§ 8. Unterhaltsformen des patrimonialen Dieners
§ 8. Der patrimoniale Diener kann seinen Unterhalt beziehen
a) durch Versorgung am Tisch des Herrn, –
b) durch (vorwiegend Natural-)Deputate aus Güter-
und Geld-Vorräten des Herrn, –
c) durch Dienstland, –
d) durch appropriierte Renten-, Gebühren- oder Steuer-Einkunftschancen, –
e) durch Lehen.
Die Unterhaltsformen b bis d sollen, wenn sie in einem nach Umfang (b und c) oder Sprengel (d) traditionalen Ausmaß stets neu vergeben und individuell, aber nicht erblich appropriiert sind, »Pfründen « heißen, die Existenz einer Ausstattung des Verwaltungsstabes prinzipiell in dieser Form: Präbendalismus. Dabei kann ein Aufrücken nach Alter oder bestimmten objektiv bemeßbaren Leistungen bestehen und es kann die ständische Qualifikation und also: Standes ehre gefordert werden (s. über den Begriff des »Standes« Kap. IV).

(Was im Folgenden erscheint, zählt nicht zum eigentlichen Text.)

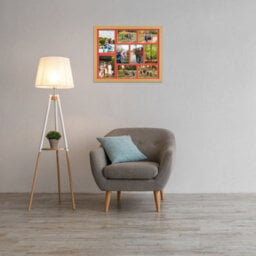 AK Frames 20X16 Country Pine Modern Multi Photo Frame With Poppy Red Mount - Holds 9 Apertures (2X) 7X5, (7X) 6X4 Photos - thumbnail 3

Lehen sollen appropriierte Herrengewalten heißen, wenn sie kraft Kontrakts an individuell Qualifizierte primär vergeben werden und die gegenseitigen Rechte und Pflichten primär an konventionalen ständischen, und zwar: militaristischen Ehrbegriffen orientiert werden. Das Bestehen eines primär mit Lehen ausgestatteten Verwaltungsstabes soll Lehensfeudalismus heißen.
Lehen und Militär-Pfründe gehen oft bis zur Ununterscheidbarkeit ineinander über. (Darüber die Erörterung des »Standes« Kap. IV.)

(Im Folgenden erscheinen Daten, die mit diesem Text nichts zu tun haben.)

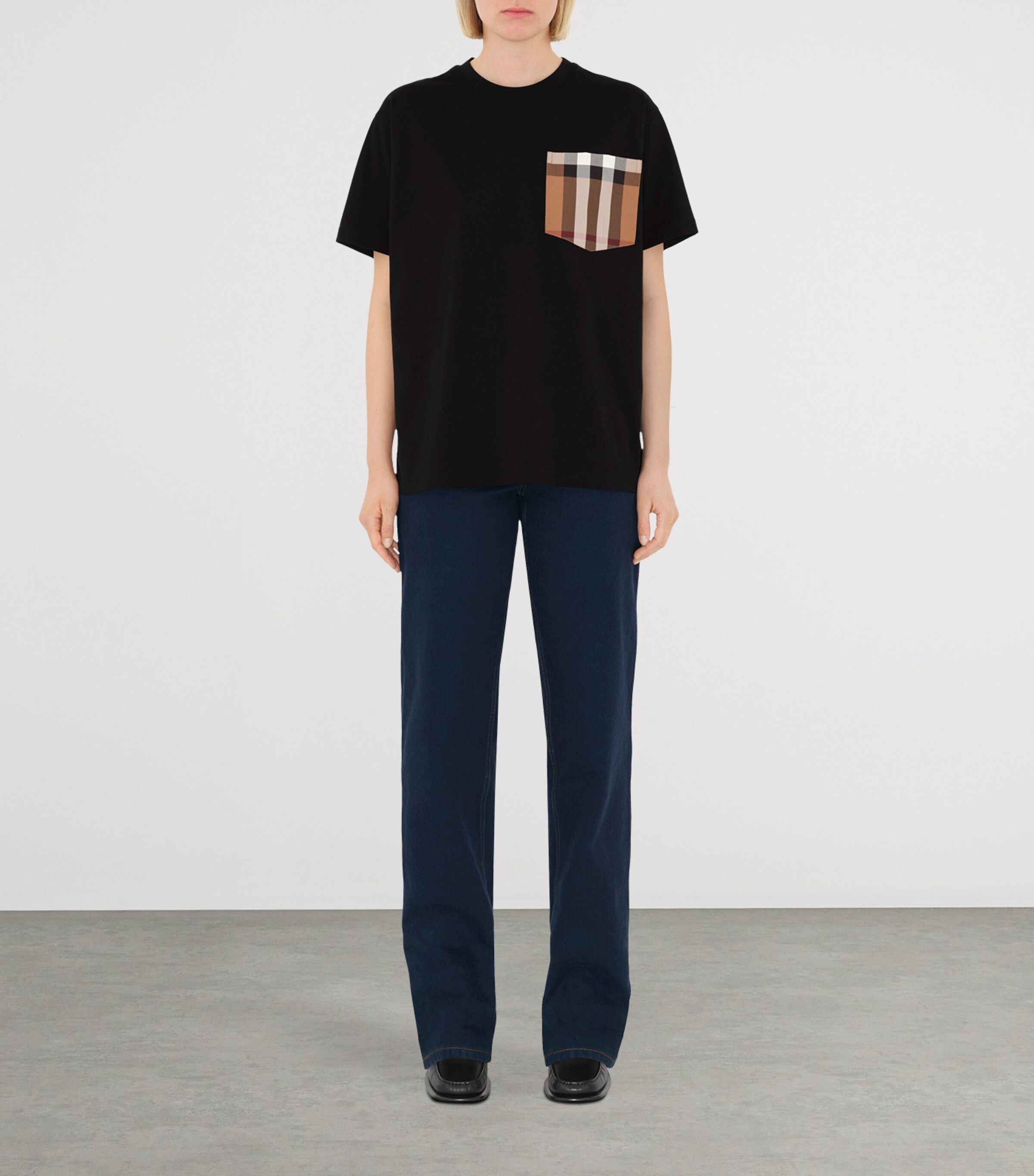 Cotton Check-Pocket T-Shirt BLACK Image 2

In den Fällen d und e, zuweilen auch im Fall c, bestreitet der appropriierte Inhaber der Herrengewalten die Kosten der Verwaltung, eventuell: Equipierung, in der schon angegebenen Art, aus den Mitteln der Pfründe bzw. des Lehens. Seine eigene Herrschaftsbeziehung zu den Untertanen kann dann patrimonialen Charakter annehmen (also: vererblich, veräußerlich, erbteilbar werden).

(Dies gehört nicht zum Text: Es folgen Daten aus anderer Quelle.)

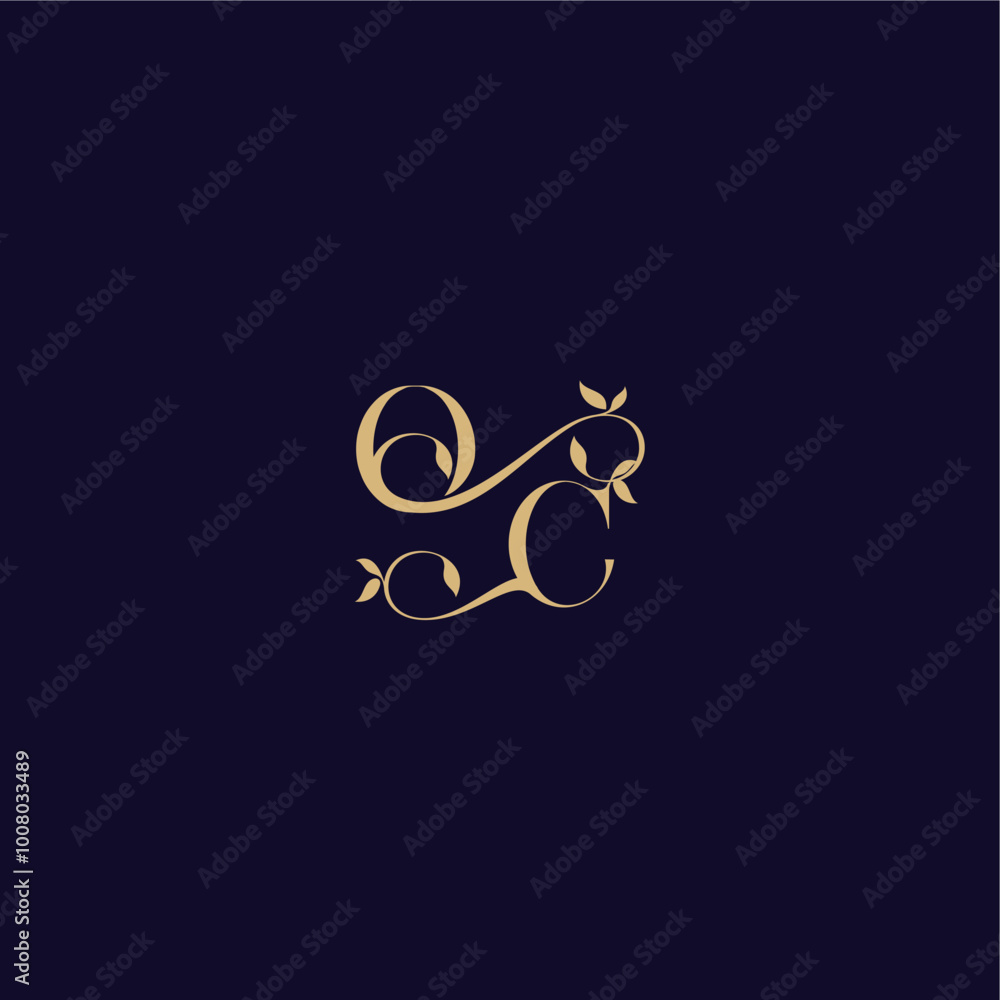 beauty leaf monogram logo organic and elegant concept OC wedding initial letter beauty leaf monogram logo organic and elegant concept OC wedding initial letter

1. Die Versorgung am Tisch des Herrn oder nach dessen freiem Ermessen aus seinen Vorräten war sowohl bei fürstlichen Dienern wie Hausbeamten, Priestern und allen Arten von patrimonialen (z.B. grundherrlichen) Bediensteten das Primäre. Das »Männerhaus«, die älteste Form der militärischen Berufsorganisation (wovon später gesondert zu reden sein wird) hatte sehr oft den Charakter des herrschaftlichen Konsumhaushalts- Kommunismus. Abschichtung vom Herren- (oder: Tempel- und Kathedral-)Tisch und Ersatz dieser unmittelbaren Versorgung durch Deputate oder Dienstland ist keineswegs stets als erstrebenswert angesehen worden, war aber bei eigener Familiengründung die Regel. Naturaldeputate der abgeschichteten Tempelpriester und Beamten waren im ganzen vorderasiatischen Orient die ursprüngliche Form der Beamtenversorgung und bestanden ebenso in China, Indien und vielfach im Okzident. Dienstland findet sich gegen Leistung von Militärdiensten im ganzen Orient seit der frühen Antike, ebenso im deutschen Mittelalter als Versorgung der ministerialen und hofrechtlichen Haus- und anderen Beamten. Die Einkünfte der türkischen Sipahi ebenso wie der japanischen Samurai und zahlreicher ähnlicher orientalischer Ministerialen und Ritter sind – in unserer Terminologie – »Pfründen«, nicht Lehen, wie später zu erörtern sein wird. Sie können sowohl auf bestimmte Landrenten, wie auf Steuereinkünfte von Bezirken angewiesen sein. Im letzteren Fall sind sie nicht notwendig, wohl aber der allgemeinen Tendenz nach, mit Appropriation von Herrengewalten in diesen Bezirken verbunden oder ziehen diese nach sich. Der Begriff des »Lehens« kann erst im Zusammenhang mit dem Begriff des »Staats« näher erörtert werden. Sein Gegenstand können sowohl grundherrliches Land (also eine Patrimonialherrschaft), wie die verschiedensten Arten von Renten- und Gebühren-Chancen sein.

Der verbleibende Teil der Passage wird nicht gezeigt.